───── Records for the task ─────

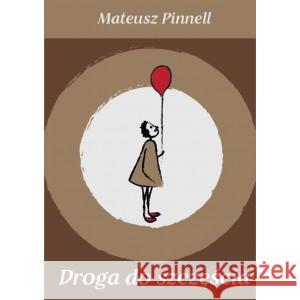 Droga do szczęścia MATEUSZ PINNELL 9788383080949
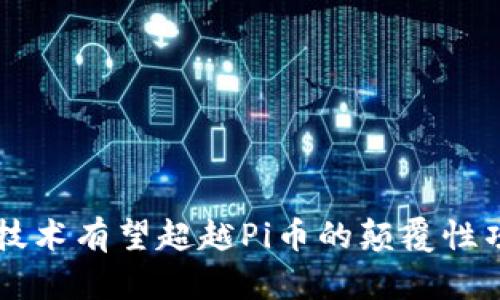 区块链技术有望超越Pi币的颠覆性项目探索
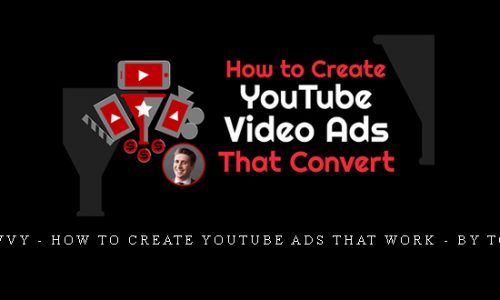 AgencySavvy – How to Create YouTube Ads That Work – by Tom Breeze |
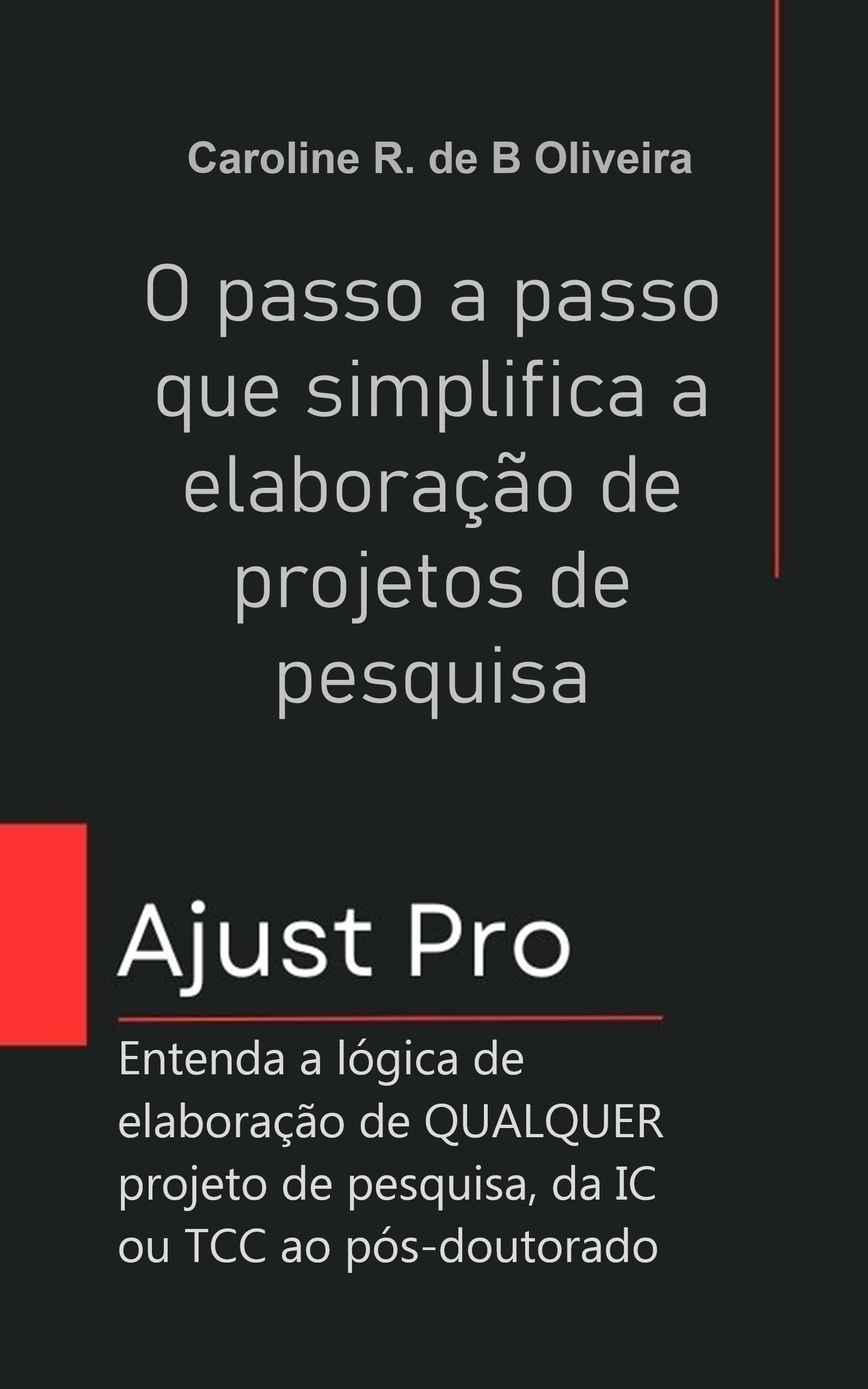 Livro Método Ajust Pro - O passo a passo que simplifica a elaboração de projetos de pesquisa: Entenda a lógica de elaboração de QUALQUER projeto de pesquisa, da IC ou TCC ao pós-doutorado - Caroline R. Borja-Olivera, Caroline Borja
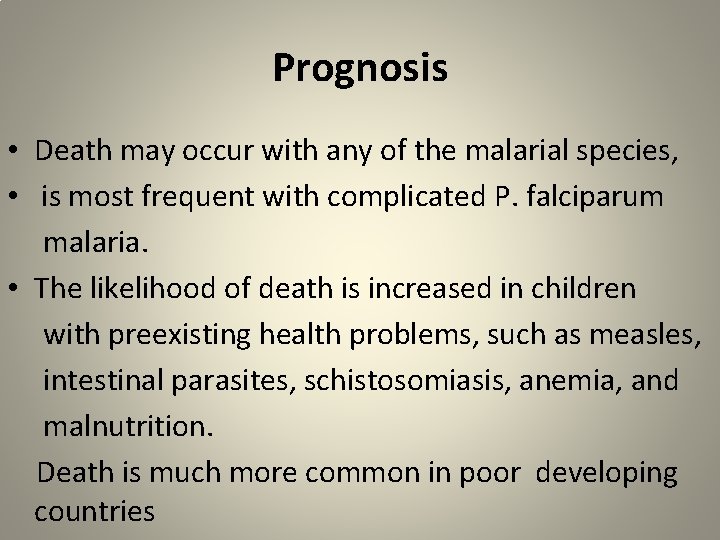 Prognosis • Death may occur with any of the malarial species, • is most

─────

Retype each line of the data exactly, beginning with the first; include the line containing "AgencySavvy – How" and stop there, skipping every picture.

 Droga do szczęścia MATEUSZ PINNELL 9788383080949
 区块链技术有望超越Pi币的颠覆性项目探索
 AgencySavvy – How to Create YouTube Ads That Work – by Tom Breeze |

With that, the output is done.